Fighter and bomber aircraft conducted 14 strikes in Syria, and fighter aircraft conducted six airstrikes in Iraq, according to officials from the Combined Joint Task Force. The attacks took place between 8 a.m. Sunday and 8 a.m. Monday.

Meanwhile, reports emerged on Monday the terrorist group had executed more than 100 of its members whose loyalty it deemed "questionable," the International Business Times reported.

Iraq's powerful interior minister, Mohammed Salem al-Ghabban, interpreted the killings as a sign that ISIS was losing its control over people.

"The execution of 100 ISIS militants demonstrates that the group is breaking down," al-Ghabban said in a statement.

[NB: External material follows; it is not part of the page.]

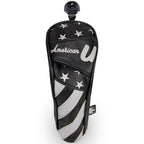 Stars and Stripes Black Leather Golf Wood Head Cover-CraftsmanGolf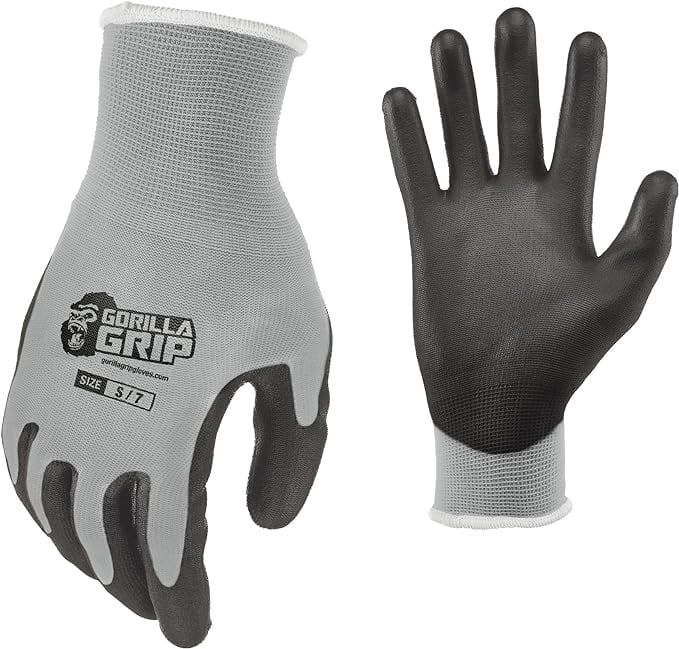 Gorilla Grip Grey Slip Resistant All Purpose Work Gloves, 15 Pairs, Small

Over Syria, coalition jets targeted two large ISIS units and a fighting position near Kobani, a city in the country's northern Aleppo governorate, immediately south of the Turkish border. The Combined Joint Task Force said it destroyed 11 militant fighting positions.

In the eastern part of the country, meanwhile, projectiles struck five crude oil collection points and a crude oil pipeline controlled by the Islamist organization. The coalition said it also destroyed two ISIS armored vehicles and a shipping container.

Over Iraq, meanwhile, strikes were carried out in four locations: near Qaim, a northern town near the Syrian border; near Asad, in the western Al Anbar province; near Ramadi, a central Iraqi city less than 100 miles from Baghdad; and near Mosul, a city of more than a million and the largest locality controlled by ISIS fighters.

The U.S. Department of Defense said aircraft struck two large ISIS units and two tactical units, and bombs destroyed two excavators and three vehicles used by the Islamist militants.

The attacks were conducted as part of an operation "to eliminate the (ISIS) terrorist group and the threat (it poses) to Iraq, the region and the wider international community," the Pentagon said.

Beyond the United States, the coalition comprises Australia, Bahrain, Belgium, Canada, Denmark, France, Jordan, the Netherlands, Saudi Arabia, the United Arab Emirates and the United Kingdom.